What you are asked to do — Each line from the start of the listing below through the line containing "In-Focus Opticians - Optician" should be reproduced exactly, with no others.

(The data Opens)

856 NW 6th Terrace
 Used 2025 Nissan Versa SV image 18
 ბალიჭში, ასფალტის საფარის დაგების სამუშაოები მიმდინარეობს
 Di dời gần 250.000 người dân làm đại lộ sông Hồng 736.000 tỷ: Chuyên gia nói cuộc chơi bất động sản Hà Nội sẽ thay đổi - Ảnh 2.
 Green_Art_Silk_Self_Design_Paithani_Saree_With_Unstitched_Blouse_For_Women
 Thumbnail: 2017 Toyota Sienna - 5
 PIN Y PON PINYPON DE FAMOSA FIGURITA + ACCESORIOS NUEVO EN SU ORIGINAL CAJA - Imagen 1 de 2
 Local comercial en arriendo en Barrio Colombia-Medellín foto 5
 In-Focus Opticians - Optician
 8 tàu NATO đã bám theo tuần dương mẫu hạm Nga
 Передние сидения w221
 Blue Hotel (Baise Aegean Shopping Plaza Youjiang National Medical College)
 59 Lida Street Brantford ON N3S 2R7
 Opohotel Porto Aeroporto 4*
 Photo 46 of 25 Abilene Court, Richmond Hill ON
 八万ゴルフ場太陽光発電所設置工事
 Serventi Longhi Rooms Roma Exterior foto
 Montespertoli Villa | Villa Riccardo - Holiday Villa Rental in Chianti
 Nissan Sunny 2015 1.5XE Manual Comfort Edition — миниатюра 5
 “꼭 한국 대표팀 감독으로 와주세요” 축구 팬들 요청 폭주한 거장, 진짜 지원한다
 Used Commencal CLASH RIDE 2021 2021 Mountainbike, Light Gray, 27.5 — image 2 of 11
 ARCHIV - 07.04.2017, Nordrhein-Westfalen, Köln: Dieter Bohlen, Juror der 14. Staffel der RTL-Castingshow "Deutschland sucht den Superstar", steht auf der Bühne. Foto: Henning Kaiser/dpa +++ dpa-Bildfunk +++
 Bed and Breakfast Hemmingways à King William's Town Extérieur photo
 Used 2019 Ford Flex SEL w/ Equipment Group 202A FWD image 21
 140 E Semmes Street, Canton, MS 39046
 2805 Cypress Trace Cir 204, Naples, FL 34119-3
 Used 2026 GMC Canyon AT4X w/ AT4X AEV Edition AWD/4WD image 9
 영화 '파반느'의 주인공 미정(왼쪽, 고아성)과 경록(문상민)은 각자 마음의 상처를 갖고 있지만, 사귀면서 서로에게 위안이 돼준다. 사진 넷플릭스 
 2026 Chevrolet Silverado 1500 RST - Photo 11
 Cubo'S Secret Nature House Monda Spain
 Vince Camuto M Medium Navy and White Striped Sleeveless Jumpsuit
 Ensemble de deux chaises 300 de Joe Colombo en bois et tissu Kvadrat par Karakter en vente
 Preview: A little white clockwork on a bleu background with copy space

(The data Closes)

Your response —
856 NW 6th Terrace
 Used 2025 Nissan Versa SV image 18
 ბალიჭში, ასფალტის საფარის დაგების სამუშაოები მიმდინარეობს
 Di dời gần 250.000 người dân làm đại lộ sông Hồng 736.000 tỷ: Chuyên gia nói cuộc chơi bất động sản Hà Nội sẽ thay đổi - Ảnh 2.
 Green_Art_Silk_Self_Design_Paithani_Saree_With_Unstitched_Blouse_For_Women
 Thumbnail: 2017 Toyota Sienna - 5
 PIN Y PON PINYPON DE FAMOSA FIGURITA + ACCESORIOS NUEVO EN SU ORIGINAL CAJA - Imagen 1 de 2
 Local comercial en arriendo en Barrio Colombia-Medellín foto 5
 In-Focus Opticians - Optician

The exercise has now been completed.